Posté par vinoalain le 28 septembre 2009

Ce WE, je tombe sur eBay sur un lot de 3 bouteilles vides de Châteaux Margaux,  mise à prix 200€ … Le descriptif précise que « les bouchons d’origine sont inclus ». Un collectionneur est donc capable de payer 65€ pour une bouteille vide? Peut-être, mais quand je cherche à acheter la même bouteille – pleine cette fois – je la trouve à 452€ sur 75cl.com.

Alors, pourquoi ne pas acheter un Médoc ordinaire, l’assassiner (quelques jours couché sur un radiateur), le transvaser dans ma bouteille de Margaux, reboucher le tout et devenir une crapule ? La chose n’est malheureusement pas rare, d’autant plus que certains vins valent bien plus…
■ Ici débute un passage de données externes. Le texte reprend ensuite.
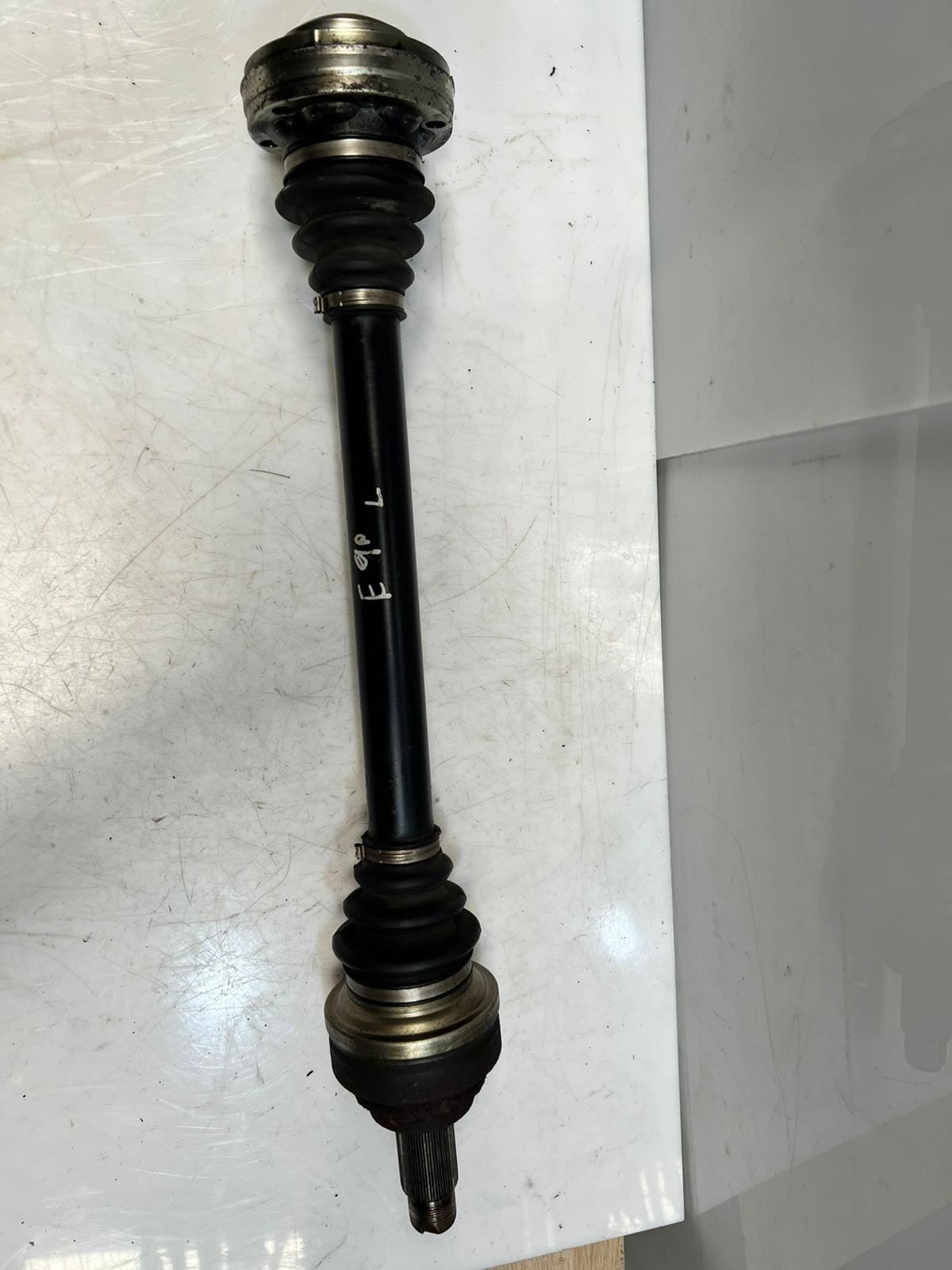2007-11 BMW 335i 3' E90 E91 E92 E93 330I Rear DRIVE Axle Shaft LEFT 7566623 OEM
Heureusement, le nucléaire est là ! La datation au Carbonne 14 est bien trop imprécise (période 5000 ans) pour vérifier que le millésime est bien 1988. Mais grâce aux essais nucléaires atmosphériques, qui ont eu lieu entre 1945 et 1975, sans oublier Tchernobyl (1986) et les boniments qui ont suivi, notre atmosphère contient maintenant du Césium 137, (période 30 ans), élément radioactif permettant, lui, des datations précises. La vigne, et donc le vin, (comme tous les aliments produits localement) récupèrent ce Césium 137 (quantité « infinitésimales » prétend-on)… Comme tout élément radioactif, il émet un rayonnement qui décroit avec le temps. En mesurant ce rayonnement, on en déduit la quantité de Césium 137 restant, et comme on dispose de mesures étalon pour chaque millésime (dumoins à Bordeaux), on peut donc vérifier si un prétendu Margaux 1988 contient bien exactement autant de Césium 137 qu’il devrait, et donc qu’il n’y a pas tromperie.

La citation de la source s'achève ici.